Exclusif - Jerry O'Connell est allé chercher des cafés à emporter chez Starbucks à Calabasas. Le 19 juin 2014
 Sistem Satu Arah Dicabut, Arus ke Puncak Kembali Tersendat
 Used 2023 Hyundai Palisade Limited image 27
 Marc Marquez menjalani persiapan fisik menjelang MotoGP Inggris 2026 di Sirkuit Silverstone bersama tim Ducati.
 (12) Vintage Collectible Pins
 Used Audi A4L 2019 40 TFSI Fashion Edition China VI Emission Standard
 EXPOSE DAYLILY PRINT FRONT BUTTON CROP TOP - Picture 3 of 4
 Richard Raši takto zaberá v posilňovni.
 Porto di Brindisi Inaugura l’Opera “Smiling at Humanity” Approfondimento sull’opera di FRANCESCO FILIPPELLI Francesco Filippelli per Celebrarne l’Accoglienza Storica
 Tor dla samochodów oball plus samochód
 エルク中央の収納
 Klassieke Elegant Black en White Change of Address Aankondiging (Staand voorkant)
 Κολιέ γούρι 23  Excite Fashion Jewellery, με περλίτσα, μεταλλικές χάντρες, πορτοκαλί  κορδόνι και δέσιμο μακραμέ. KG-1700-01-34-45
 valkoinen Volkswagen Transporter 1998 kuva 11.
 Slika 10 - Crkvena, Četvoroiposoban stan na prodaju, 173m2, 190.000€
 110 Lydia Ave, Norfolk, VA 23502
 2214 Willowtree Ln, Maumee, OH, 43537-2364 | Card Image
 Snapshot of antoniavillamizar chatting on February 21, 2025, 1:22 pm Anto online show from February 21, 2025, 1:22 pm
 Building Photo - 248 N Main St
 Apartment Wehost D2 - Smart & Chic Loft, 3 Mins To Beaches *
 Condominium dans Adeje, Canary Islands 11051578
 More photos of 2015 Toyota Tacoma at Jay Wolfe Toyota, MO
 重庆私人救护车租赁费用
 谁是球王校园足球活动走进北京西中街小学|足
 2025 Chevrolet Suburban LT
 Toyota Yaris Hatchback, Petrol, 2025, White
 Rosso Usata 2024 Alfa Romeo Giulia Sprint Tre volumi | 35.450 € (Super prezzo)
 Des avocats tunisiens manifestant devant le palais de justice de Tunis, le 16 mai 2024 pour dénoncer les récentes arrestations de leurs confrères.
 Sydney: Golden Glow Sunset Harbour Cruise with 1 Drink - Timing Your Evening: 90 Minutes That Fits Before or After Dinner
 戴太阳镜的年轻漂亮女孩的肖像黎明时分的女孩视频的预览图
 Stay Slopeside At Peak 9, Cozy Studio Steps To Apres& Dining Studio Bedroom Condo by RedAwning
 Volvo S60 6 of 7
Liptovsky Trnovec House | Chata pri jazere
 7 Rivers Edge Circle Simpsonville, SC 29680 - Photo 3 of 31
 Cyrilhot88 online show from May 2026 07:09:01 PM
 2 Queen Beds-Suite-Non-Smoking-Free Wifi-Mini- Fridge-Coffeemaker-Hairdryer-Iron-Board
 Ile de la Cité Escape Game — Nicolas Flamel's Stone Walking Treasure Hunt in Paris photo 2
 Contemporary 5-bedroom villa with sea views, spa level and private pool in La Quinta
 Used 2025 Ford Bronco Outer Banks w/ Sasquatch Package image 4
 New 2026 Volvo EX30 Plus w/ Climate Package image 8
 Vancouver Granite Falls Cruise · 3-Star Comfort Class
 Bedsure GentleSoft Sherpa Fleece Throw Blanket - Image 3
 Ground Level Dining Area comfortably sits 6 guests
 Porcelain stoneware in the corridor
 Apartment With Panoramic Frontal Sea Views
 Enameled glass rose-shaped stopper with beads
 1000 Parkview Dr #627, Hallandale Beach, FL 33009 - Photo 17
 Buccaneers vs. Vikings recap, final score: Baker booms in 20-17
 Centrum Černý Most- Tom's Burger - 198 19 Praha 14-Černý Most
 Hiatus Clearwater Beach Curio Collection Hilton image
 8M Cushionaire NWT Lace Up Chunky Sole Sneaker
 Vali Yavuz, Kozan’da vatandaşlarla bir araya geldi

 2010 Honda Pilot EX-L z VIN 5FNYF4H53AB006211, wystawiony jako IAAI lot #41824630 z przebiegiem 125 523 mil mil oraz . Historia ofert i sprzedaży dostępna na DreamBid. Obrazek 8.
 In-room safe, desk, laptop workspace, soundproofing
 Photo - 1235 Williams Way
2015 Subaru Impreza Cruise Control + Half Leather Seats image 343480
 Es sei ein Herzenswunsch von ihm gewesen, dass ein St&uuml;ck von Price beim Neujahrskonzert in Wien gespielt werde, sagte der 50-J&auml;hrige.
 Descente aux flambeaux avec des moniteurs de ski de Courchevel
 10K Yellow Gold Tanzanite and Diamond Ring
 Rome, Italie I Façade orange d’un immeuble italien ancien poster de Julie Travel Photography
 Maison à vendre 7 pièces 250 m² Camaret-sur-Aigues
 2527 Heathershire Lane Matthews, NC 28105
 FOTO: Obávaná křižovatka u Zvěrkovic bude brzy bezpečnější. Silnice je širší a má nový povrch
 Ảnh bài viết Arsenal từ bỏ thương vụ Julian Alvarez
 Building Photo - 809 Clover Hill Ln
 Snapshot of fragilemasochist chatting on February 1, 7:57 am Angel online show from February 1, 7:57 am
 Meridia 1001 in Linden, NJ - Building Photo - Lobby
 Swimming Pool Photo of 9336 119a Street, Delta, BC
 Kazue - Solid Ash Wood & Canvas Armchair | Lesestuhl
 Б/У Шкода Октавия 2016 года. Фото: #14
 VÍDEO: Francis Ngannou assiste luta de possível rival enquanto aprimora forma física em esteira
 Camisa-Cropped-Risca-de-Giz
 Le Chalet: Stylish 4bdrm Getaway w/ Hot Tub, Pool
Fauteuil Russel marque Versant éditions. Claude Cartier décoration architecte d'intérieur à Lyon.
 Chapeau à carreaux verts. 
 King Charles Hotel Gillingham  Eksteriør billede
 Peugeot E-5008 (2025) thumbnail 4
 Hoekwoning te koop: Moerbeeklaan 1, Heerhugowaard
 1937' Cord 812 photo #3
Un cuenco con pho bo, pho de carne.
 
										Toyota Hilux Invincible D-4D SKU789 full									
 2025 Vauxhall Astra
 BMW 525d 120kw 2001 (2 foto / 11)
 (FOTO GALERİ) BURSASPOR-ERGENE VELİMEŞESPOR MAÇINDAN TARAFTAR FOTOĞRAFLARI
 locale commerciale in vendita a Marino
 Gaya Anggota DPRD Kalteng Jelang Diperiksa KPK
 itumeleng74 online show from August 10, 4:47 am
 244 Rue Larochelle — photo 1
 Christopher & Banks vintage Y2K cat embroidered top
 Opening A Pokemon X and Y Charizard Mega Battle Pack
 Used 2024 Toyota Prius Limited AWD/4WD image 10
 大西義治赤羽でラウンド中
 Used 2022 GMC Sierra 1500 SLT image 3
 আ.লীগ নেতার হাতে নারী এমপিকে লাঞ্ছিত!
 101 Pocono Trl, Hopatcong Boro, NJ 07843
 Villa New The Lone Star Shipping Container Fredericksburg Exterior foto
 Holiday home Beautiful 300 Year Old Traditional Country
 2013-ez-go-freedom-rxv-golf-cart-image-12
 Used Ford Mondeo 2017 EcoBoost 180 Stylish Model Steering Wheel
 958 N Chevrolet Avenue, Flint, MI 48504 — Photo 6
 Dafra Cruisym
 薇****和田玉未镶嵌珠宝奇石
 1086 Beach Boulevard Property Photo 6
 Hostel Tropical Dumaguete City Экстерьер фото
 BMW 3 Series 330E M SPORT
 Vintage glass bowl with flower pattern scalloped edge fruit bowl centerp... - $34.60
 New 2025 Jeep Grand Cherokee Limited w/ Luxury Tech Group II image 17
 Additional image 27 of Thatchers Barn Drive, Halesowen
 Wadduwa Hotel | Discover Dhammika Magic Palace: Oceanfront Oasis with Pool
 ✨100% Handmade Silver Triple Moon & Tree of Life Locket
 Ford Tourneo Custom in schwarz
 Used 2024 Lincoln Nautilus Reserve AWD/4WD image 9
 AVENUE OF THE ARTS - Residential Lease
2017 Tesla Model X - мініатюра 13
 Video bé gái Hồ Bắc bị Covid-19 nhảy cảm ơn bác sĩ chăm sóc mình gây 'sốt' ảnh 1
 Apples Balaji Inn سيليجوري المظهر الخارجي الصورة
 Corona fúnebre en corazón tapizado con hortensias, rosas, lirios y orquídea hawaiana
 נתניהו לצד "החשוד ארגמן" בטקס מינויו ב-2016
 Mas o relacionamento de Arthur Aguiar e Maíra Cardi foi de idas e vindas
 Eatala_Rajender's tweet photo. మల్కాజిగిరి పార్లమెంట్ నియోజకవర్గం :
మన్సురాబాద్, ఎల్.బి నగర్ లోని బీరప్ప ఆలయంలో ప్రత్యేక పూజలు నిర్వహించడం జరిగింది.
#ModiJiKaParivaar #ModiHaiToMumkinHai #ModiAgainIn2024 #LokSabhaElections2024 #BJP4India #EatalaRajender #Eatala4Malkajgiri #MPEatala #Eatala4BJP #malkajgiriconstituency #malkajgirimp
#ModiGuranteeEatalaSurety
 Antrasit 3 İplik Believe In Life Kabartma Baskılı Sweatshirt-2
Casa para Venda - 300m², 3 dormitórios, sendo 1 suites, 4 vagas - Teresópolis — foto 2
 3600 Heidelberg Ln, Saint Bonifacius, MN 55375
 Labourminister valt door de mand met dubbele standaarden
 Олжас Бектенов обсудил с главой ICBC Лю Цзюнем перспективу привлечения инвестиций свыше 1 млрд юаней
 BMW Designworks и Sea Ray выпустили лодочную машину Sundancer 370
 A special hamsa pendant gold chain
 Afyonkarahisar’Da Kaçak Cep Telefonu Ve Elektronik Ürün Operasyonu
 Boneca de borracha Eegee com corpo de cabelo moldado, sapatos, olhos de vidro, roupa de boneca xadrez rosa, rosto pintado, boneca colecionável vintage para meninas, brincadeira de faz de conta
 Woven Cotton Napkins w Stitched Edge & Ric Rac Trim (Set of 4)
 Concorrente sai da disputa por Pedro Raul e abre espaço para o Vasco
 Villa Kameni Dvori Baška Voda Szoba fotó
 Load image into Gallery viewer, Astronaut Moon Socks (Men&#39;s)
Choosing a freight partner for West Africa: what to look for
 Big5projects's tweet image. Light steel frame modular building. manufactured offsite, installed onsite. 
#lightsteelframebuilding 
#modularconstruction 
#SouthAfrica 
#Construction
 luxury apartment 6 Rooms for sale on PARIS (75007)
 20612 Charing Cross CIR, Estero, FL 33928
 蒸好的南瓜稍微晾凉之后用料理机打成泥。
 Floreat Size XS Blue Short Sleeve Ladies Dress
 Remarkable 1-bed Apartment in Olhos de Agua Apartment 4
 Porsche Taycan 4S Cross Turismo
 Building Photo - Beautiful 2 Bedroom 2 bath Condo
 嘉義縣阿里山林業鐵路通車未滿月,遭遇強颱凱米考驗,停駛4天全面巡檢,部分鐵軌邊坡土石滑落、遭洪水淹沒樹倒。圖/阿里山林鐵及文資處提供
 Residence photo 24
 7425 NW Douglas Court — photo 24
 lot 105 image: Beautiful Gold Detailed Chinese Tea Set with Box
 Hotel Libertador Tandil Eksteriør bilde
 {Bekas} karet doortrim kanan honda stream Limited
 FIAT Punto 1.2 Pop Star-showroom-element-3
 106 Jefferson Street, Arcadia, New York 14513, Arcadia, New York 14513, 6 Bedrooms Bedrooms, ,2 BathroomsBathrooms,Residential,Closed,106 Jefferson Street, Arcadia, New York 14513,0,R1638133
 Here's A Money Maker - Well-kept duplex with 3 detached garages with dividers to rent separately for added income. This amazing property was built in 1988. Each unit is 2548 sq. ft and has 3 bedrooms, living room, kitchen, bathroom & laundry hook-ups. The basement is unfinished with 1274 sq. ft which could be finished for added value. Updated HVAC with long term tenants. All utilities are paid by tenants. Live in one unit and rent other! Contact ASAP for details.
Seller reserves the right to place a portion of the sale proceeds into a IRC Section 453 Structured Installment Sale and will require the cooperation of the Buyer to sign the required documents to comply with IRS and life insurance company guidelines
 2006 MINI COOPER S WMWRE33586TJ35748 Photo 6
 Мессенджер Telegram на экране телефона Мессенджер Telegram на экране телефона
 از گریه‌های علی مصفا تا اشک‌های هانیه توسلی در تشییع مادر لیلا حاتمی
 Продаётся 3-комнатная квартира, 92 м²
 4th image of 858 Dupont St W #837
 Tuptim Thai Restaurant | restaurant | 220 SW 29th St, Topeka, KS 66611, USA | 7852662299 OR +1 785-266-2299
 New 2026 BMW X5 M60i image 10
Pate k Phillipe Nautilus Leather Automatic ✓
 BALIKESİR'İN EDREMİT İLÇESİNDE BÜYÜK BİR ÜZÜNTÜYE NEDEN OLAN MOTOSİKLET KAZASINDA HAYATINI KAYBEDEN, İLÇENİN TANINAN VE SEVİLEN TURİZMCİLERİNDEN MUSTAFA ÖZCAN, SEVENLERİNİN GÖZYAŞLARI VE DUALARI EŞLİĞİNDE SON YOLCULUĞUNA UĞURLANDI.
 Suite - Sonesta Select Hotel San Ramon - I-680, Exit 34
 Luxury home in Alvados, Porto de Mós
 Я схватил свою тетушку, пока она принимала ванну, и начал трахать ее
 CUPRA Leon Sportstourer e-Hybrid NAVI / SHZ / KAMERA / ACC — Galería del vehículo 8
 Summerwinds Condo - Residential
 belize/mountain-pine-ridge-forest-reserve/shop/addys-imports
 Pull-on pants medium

⁂

Work item:
Would you please return all lines of the data that include the word "Street"?

Response for this exercise:
 Swimming Pool Photo of 9336 119a Street, Delta, BC
 106 Jefferson Street, Arcadia, New York 14513, Arcadia, New York 14513, 6 Bedrooms Bedrooms, ,2 BathroomsBathrooms,Residential,Closed,106 Jefferson Street, Arcadia, New York 14513,0,R1638133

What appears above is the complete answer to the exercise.